● What the task requires
Go through the entries below and retype them exactly, omitting each picture.

[Image-text web data]
_ _ _

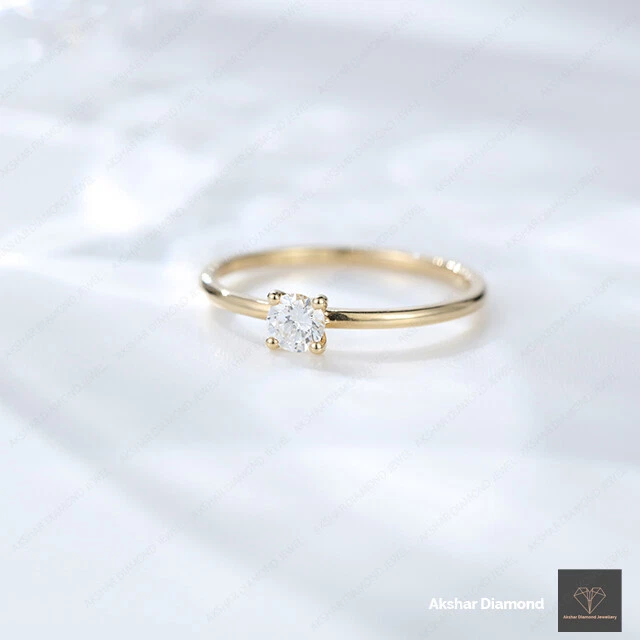 0.5Ct Thin Band Solitaire Engagement Ring Round Brilliant Cut Ring Wedding Ring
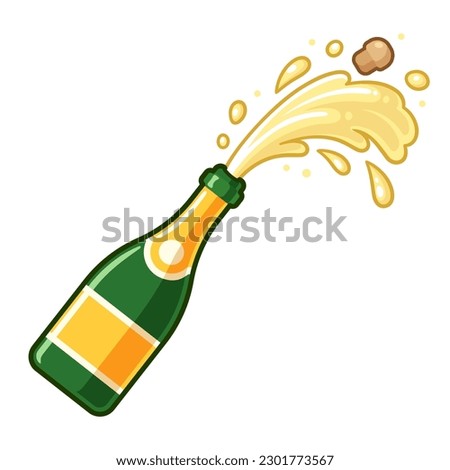 Champagne bottle pop open with cork and foam flying out. Cartoon vector icon, simple clip art illustration.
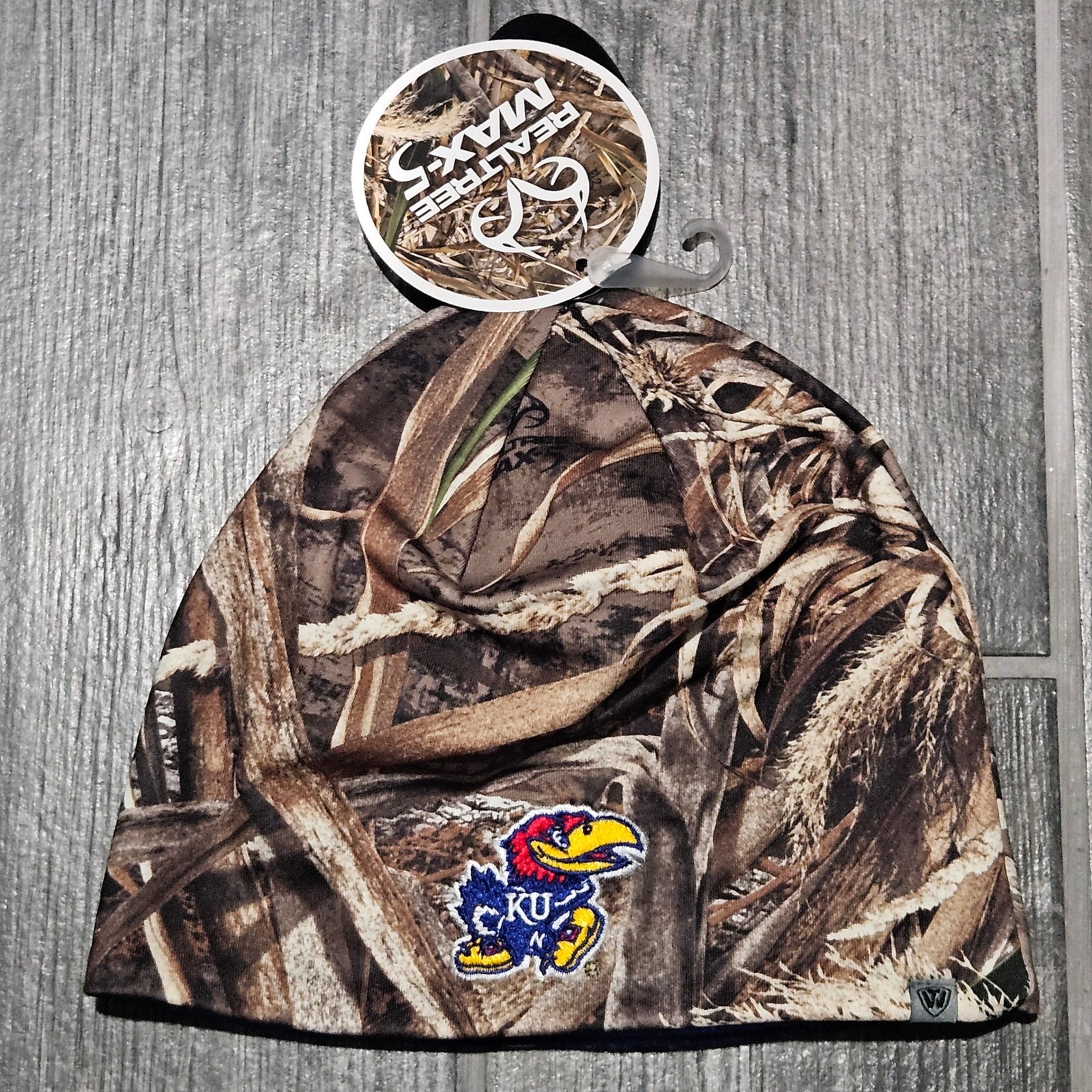 Kansas Jayhawks Reversible Beanie Hat Realtree Max5 Blue Seasons Knit KU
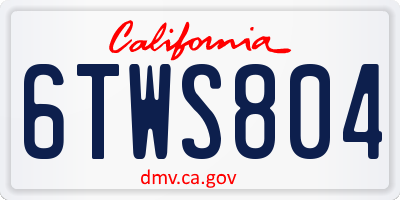 CA license plate 6TWS804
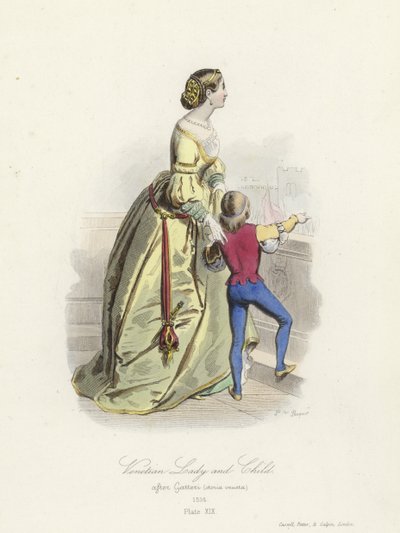 Dama veneziana e bambino da French School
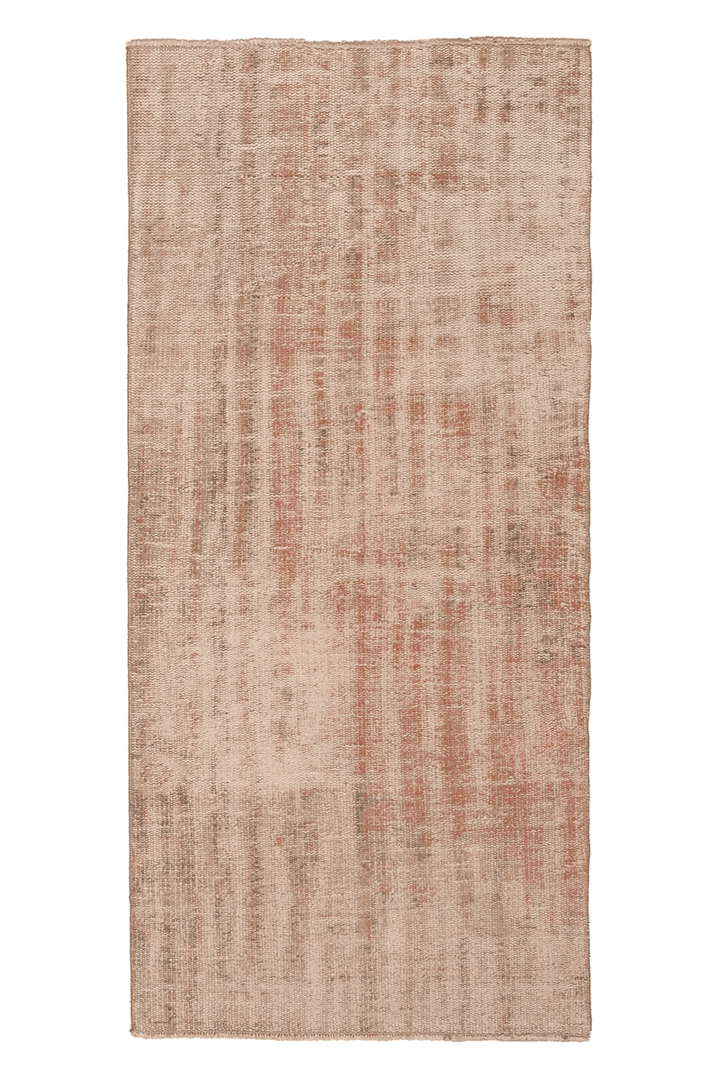 Vintage Isparta Turkish Runner Rug 2x5 ft — Beige & Orange Distressed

_ _ _

● Response for this exercise
 0.5Ct Thin Band Solitaire Engagement Ring Round Brilliant Cut Ring Wedding Ring
 Champagne bottle pop open with cork and foam flying out. Cartoon vector icon, simple clip art illustration.
 Kansas Jayhawks Reversible Beanie Hat Realtree Max5 Blue Seasons Knit KU
 CA license plate 6TWS804
 Dama veneziana e bambino da French School
 Vintage Isparta Turkish Runner Rug 2x5 ft — Beige & Orange Distressed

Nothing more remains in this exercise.